Commonspeak 2: Generating evolutionary wordlists

12 Aug 2018

Commonspeak2 was released at CRESTCon Asia and DEFCON Recon Village 2018.

Wordlists

Generated wordlists from Commonspeak are available at https://wordlists.assetnote.io.

Summary

Commonspeak2 leverages publicly available datasets from Google BigQuery to generate content discovery and subdomain wordlists.

You can obtain Commonspeak2 by visiting the following URL: https://github.com/assetnote/commonspeak2

Star

Documentation

Documentation for Commonspeak2 can be found here: https://github.com/assetnote/commonspeak2/blob/master/README.md

Contributing

If you’ve got any ideas on how we can use BigQuery to obtain better content-discovery / security-related datasets, we’d love to hear it.
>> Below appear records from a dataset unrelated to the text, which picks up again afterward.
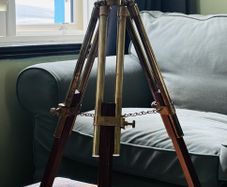 Large brass double barrel binocular telescope on wooden tripod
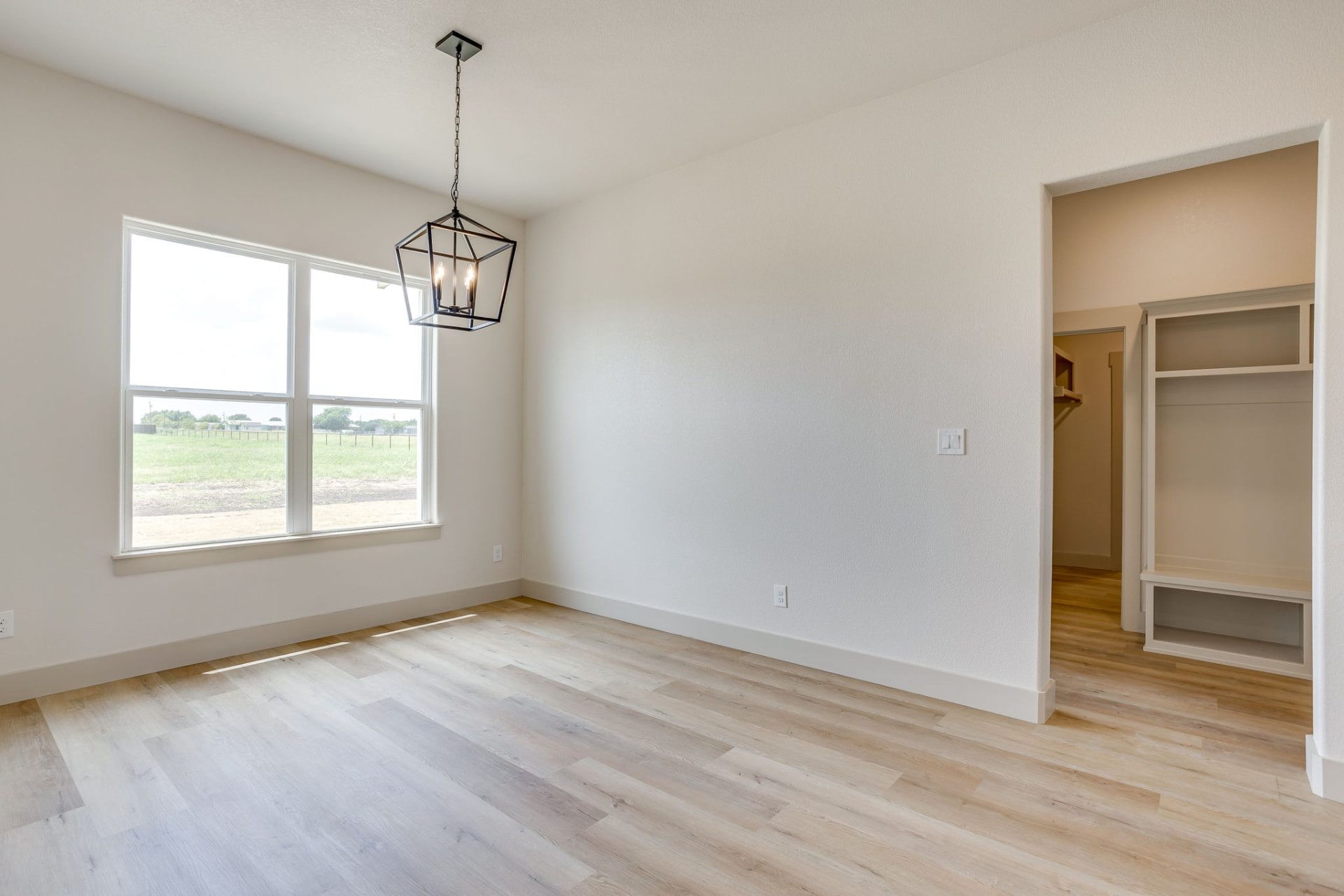 Bright dining room with large windows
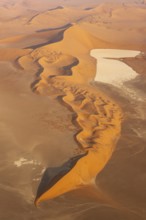 Sand dunes and dry pans in the Namib Desert. In the evening. Aerial view. Namib-Naukluft Park,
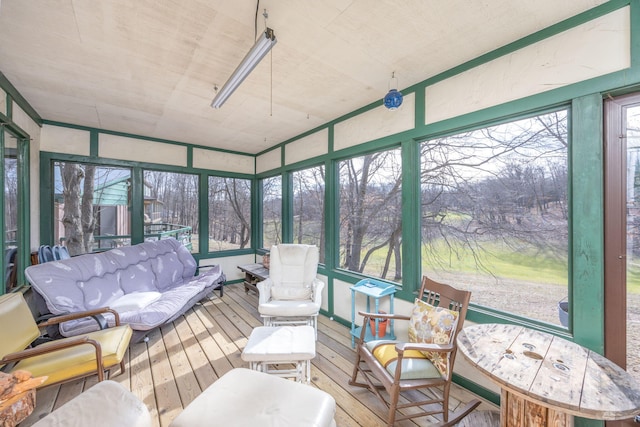 sunroom featuring a healthy amount of sunlight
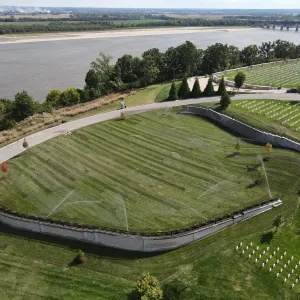 Aerial view of the finished expansion lawn under full irrigation, enclosed by a stone-faced cast retaining wall stepping down the slope, with existing headstone rows on the terraces at right, evergreen plantings along the access road, and the river and a highway bridge in the far distance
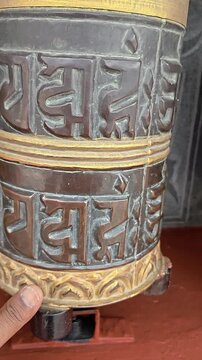 Vertical footage of a traditional Buddhist prayer wheel decorated with the sacred Om Mani Padme Hum mantra and ornamental Buddhist artwork. The close-up captures the detailed religious craftsmanship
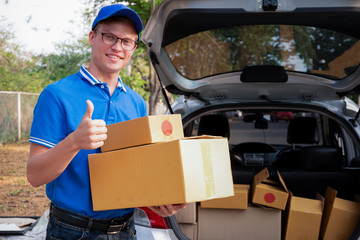 Delivery man show thumb up to service delivering package box , delivery concept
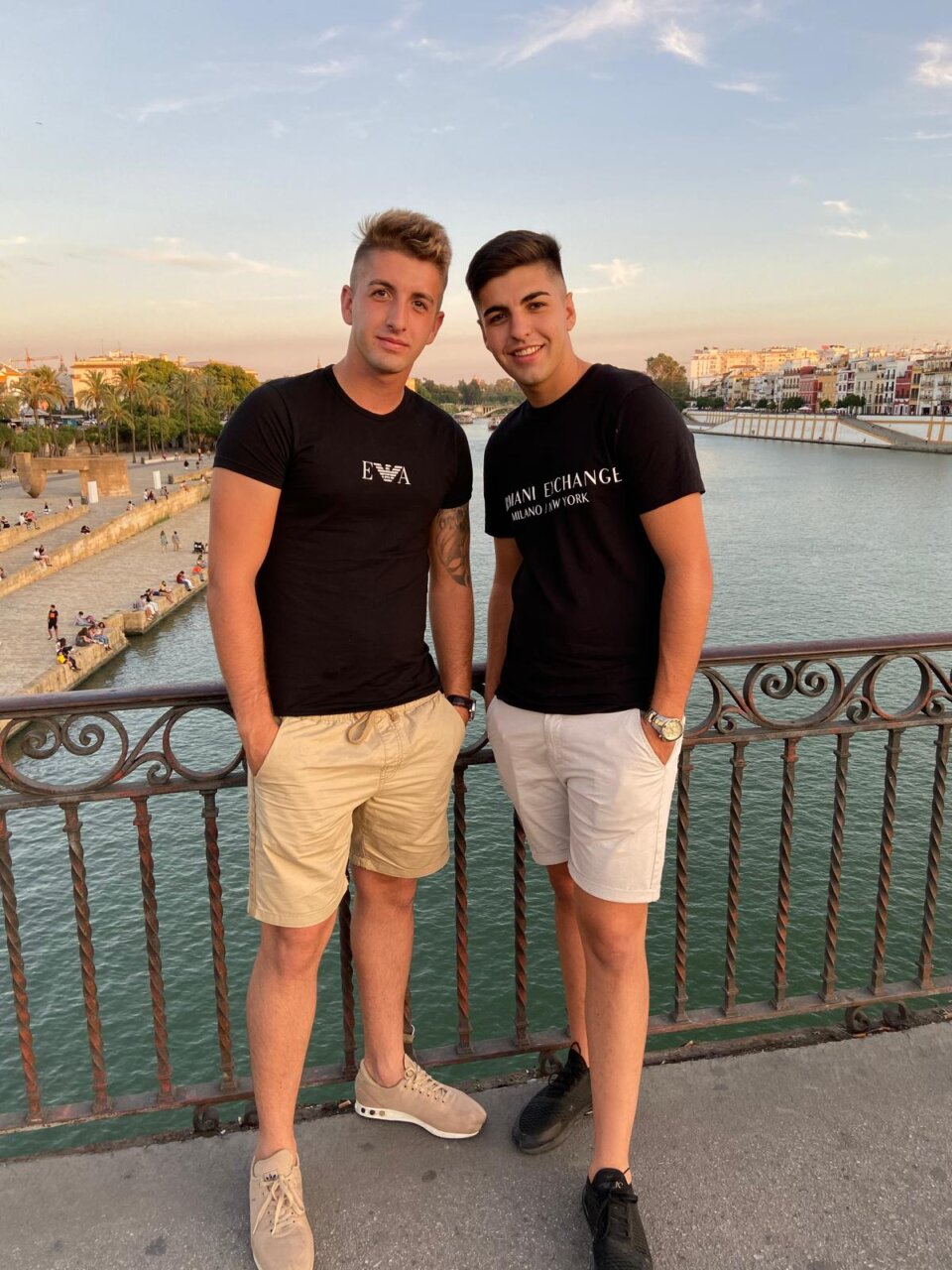 Dos j&oacute;venes posando en un puente con vista al mar en Mallorca
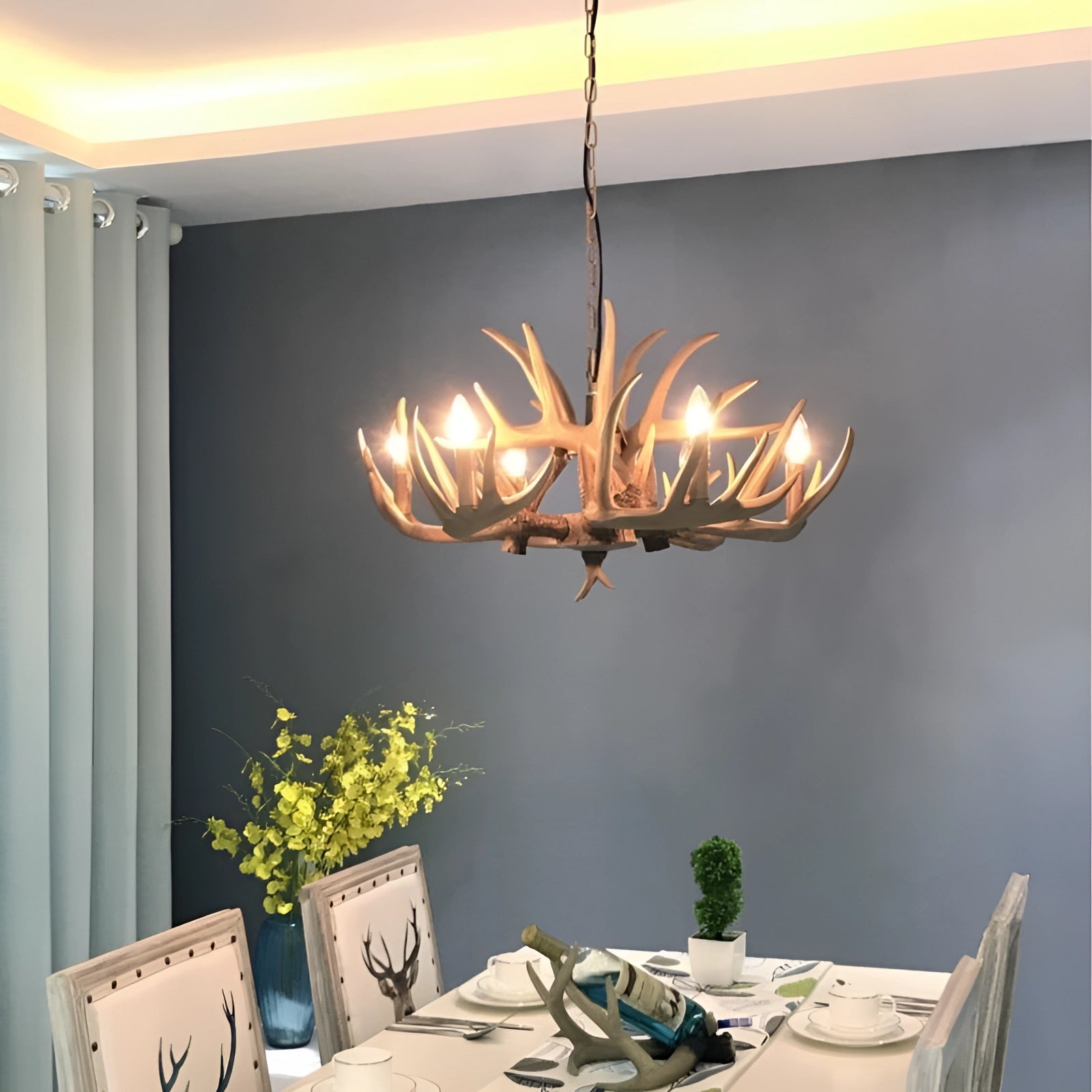 Antler chandelier hanging in a rustic lodge-style interior with wooden accents and decorative elements, such as plants and tableware, creating a cozy cabin atmosphere.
Pull requests are also very welcome.

You can submit any ideas, suggestions, or bugs via GitHub Issues here.

What about version one?

The first revision of Commonspeak was released in late 2017, being a proof of concept on being able to generate wordlists using BigQuery in a continuous fashion. Research was published at the time on the pentester.io blog. This revision was written in Bash and unfortunately was difficult to extend, especially for large scale data processing.

Since then, we’ve re-written Commonspeak in Golang, and are currently working on better techniques to extract and compile useful wordlists from publicly available, regularly updated datasets from BigQuery.